Últimamente me invitan a eventos en los que no sé muy bien si encajo, pero de los que disfruto como una niña a la que colaran en las fiestas de los guais. El otro día me vi rodeada de gente guapa (o fea pero glamurosa, como diría Mar Flores) mientras recorría las salas del museo Reina Sofía, abierto para nosotros (¡suertudos!) una vez caído el sol. ¿El motivo? Se inauguraba la exposición de Maruja Mallo, artista cuya relevancia desconocía y que agradezco de corazón haber descubierto, pues se trata de un personaje fascinante de talento excepcional.
Os cuento: Mallo nació a principios del siglo pasado, en el seno de una familia numerosa que se mudaba con frecuencia por España. Tanto ajetreo propició que se formara en diversas escuelas y academias, y pronto se convirtió en una joven interesantísima, relacionada con intelectuales y vanguardistas de postín. Su vida es de esas que no te puedes creer: emancipada, rebelde, excéntrica y brillante, Mallo entraba y salía, subía y bajaba, hacía de todo y todo a su manera. Expuso de la mano de Ortega y Gasset, trabajó con (y se enamoró de) Alberti, viajó a (y triunfó en) París… Aunque se vinculó amistosa y románticamente con algunas de las figuras más relevantes de su época (inspirando poemas ajenos, por ejemplo), lo más destacable de su existencia es su propia obra. Una obra espectacular.
Mallo fue uno de los principales exponentes del surrealismo patrio. También del realismo mágico. Defendía la racionalidad, el arte con una base matemática y geométrica, pero abogaba por mirar hacia el futuro y proyectarse en él (la obra como elemento transformador del presente). Miembro sobresaliente de la generación del 27, Mallo era, a muchos niveles, tremendamente moderna: retrató a mujeres (y la relación de sus cuerpos con la naturaleza) sirviéndose de una mirada femenina y feminista y, dado que concebía el universo y a los seres como una unidad, puso el foco en criaturas a priori menores, como los insectos y los vegetales.
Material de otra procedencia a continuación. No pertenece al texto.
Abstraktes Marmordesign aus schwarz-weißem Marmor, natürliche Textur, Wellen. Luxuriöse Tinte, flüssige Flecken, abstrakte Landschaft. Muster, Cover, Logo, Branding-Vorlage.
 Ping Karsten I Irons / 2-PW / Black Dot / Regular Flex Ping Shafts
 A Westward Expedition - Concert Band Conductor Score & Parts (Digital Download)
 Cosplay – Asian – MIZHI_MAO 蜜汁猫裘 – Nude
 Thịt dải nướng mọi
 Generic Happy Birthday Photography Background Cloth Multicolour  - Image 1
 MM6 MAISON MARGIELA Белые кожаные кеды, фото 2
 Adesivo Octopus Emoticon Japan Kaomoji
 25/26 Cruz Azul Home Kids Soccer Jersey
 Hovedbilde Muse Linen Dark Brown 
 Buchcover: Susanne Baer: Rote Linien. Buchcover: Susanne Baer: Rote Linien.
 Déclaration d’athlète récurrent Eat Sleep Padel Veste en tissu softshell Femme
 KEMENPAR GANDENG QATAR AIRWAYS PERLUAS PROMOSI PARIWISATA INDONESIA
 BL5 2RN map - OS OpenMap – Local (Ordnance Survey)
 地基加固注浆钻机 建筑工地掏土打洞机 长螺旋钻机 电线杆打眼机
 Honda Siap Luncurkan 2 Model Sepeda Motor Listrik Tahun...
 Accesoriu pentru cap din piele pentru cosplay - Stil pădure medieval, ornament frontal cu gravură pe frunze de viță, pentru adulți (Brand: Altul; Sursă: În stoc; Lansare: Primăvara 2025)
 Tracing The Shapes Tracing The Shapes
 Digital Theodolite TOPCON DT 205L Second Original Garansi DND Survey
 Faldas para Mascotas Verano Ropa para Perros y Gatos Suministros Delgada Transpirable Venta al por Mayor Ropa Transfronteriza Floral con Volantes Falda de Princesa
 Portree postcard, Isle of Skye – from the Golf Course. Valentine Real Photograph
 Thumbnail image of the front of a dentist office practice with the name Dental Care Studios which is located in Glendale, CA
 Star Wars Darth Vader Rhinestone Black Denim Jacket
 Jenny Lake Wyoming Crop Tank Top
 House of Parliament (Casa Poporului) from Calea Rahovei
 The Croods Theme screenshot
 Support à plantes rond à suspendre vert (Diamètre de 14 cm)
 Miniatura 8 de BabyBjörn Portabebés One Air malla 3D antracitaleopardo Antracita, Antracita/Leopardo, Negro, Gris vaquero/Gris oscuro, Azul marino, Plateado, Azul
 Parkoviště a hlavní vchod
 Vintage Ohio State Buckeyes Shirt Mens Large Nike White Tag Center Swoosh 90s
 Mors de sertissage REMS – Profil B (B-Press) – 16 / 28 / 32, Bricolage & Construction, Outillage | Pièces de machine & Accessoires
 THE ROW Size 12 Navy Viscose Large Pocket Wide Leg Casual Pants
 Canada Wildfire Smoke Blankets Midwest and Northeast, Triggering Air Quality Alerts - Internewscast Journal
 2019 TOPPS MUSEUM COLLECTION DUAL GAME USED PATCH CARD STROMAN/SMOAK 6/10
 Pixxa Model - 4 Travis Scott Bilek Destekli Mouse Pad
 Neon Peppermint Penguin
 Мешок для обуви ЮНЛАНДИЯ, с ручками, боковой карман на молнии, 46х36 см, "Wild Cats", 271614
Explica Patricia Molins, comisaria, que cabe interpretarla en clave ecologista. Apunta incluso que no es descabellado leerla desde la teoría de género, pues en sus protagonistas se aprecia fluidez y diversidad. Mallo recogía el imaginario popular, reflejando en sus pinturas el brío de la muchedumbre y de la calle. De hecho, la muestra inicia con sus célebres verbenas, cuadros coloridos, repletos de sujetos extraños y teatrales.
El tramo de la exposición que yo más disfruté, no obstante, fue en el que predominaba la ausencia de luz. Cloacas y campanarios, se llamaba la serie, compuesta por imágenes de espectros, fantasmas y esqueletos en paisajes tan tétricos como oníricos. Quizá contribuyera a mi impresión favorable que anduvieran por allí, frente a los cuadros, la estilista Alicia Padrón y el músico Rafa Suñén, ambos vestidos de riguroso negro, generando con su presencia una nueva estampa digna de admirar (espero que algún fotógrafo les plasmara en semejante escenario). Esa sala, que haría las delicias de Tim Burton, me fascinó. Y luego me fascinó ella, Maruja, maquillada como una puerta (sombra celeste, labios rojos) y grabada en un vídeo que se proyectaba sobre una pared blanca.